Martine Brunschwig Graf et la commission contre le racisme s’inquiètent du mauvais sort réservé aux étrangers surdiplômés chez nous. Tandis que la socialiste Cesla Amarelle veut mettre au boulot les demandeurs d’asile. A chacun sa lutte contre la xénophobie.

Il s’agit évidemment d’un mauvais coup contre les bonnes idées reçues: les vilaines multinationales qui apparaissent soudain en employeurs modèles. Plus respectueuses en tout cas de la diversité, moins enclines à la discrimination que, par exemple, nos héroïques PME, tant aimées pourtant des discours politiciens. Ou même que les impartiales administrations publiques.

Pire, si l’on peut dire: les multinationales en ce domaine font mieux aussi que les ONG, les institutions sociales, les oeuvres d’entraides.

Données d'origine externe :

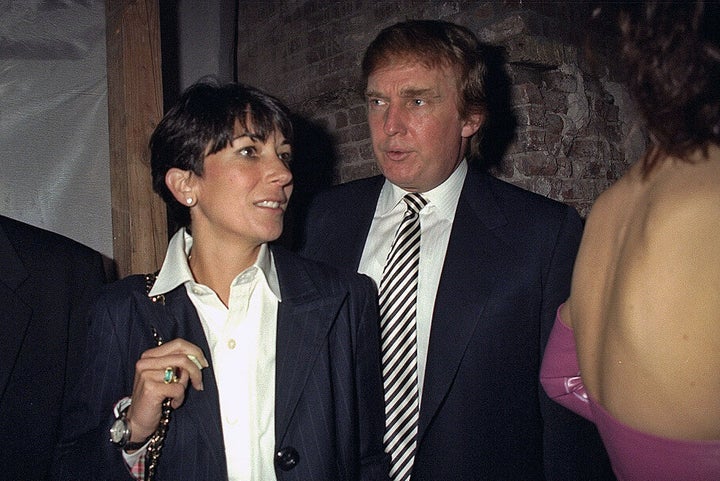 Ghislaine Maxwell and Donald Trump pictured at an event for Ford Modeling Agency in 1997.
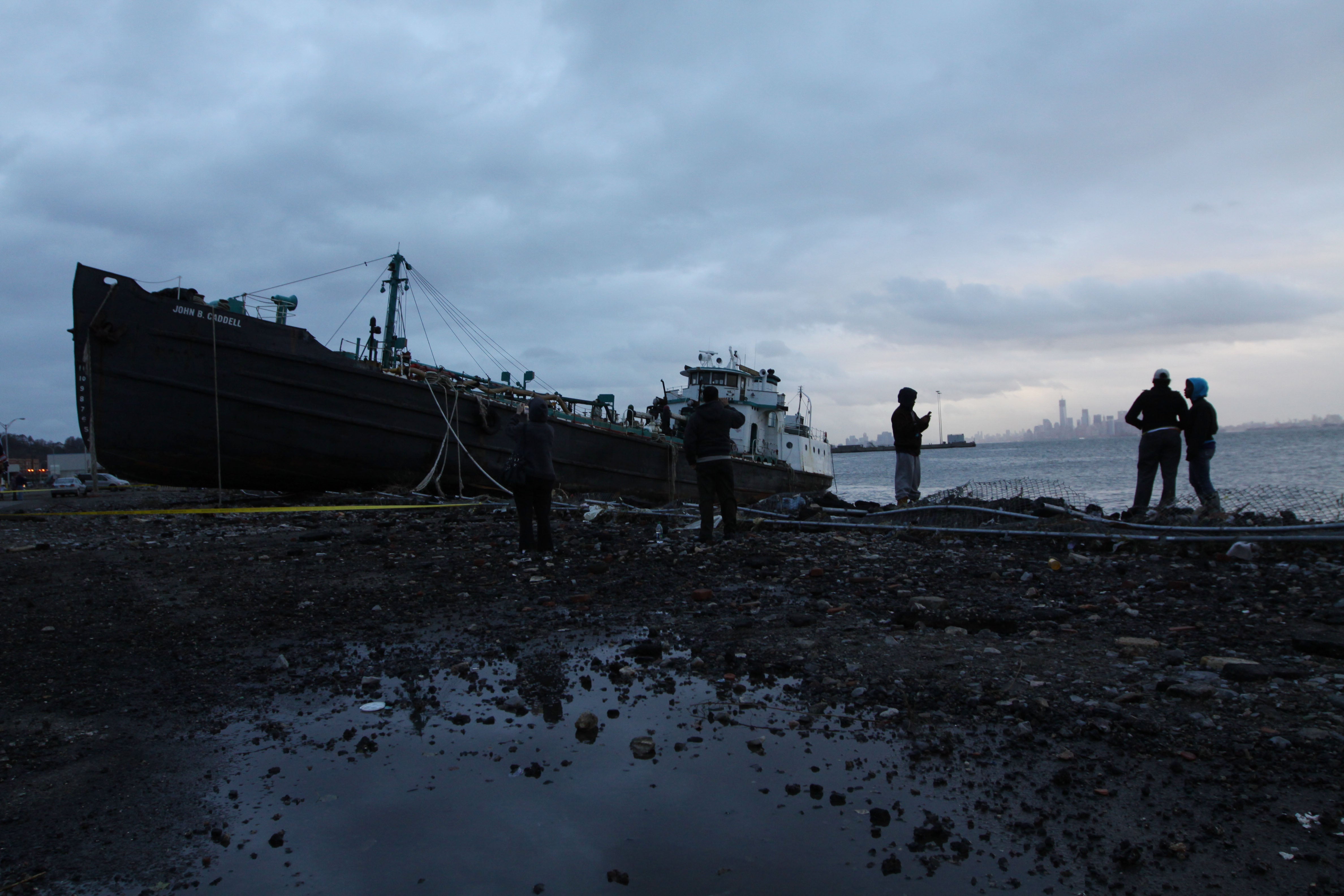 The John B. Caddell, a 700-ton tanker that washed up on the shore of Staten Island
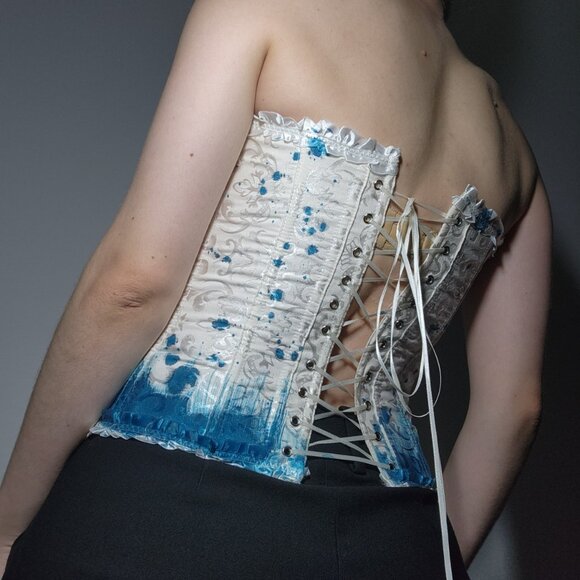 Butterfly on white romantic lace-up boned overbust sweetheart  corset bustier - Picture 4 of 7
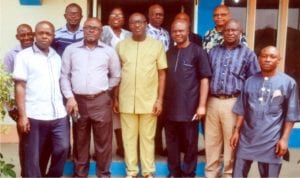 Group photograph of General Manager and Management team of Radio Rivers with Chairman and Exco of NUJ Rivers State Council at the end of courtesy visit recently.                 Photo: Chris Monyanaga 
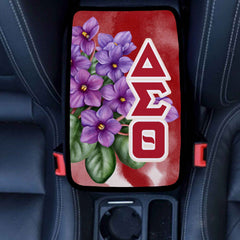 Car Center Console Cover - Delta Sigma Theta | African Violets and Greek Letters - Favors Decor and More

C’est en tout cas la Commission fédérale contre racisme (CFR) — qui semble avoir curieusement peu d’autres chats à fouetter — qui le dit, à travers une étude commandée à l’Université de Bâle. En dehors des multinationales, les étrangers hautement qualifiés connaîtraient donc une sérieuse discrimination à l’embauche. Deux fois plus qualifiés, résume l’étude, mais deux fois plus touchés par le chômage que les Suisses.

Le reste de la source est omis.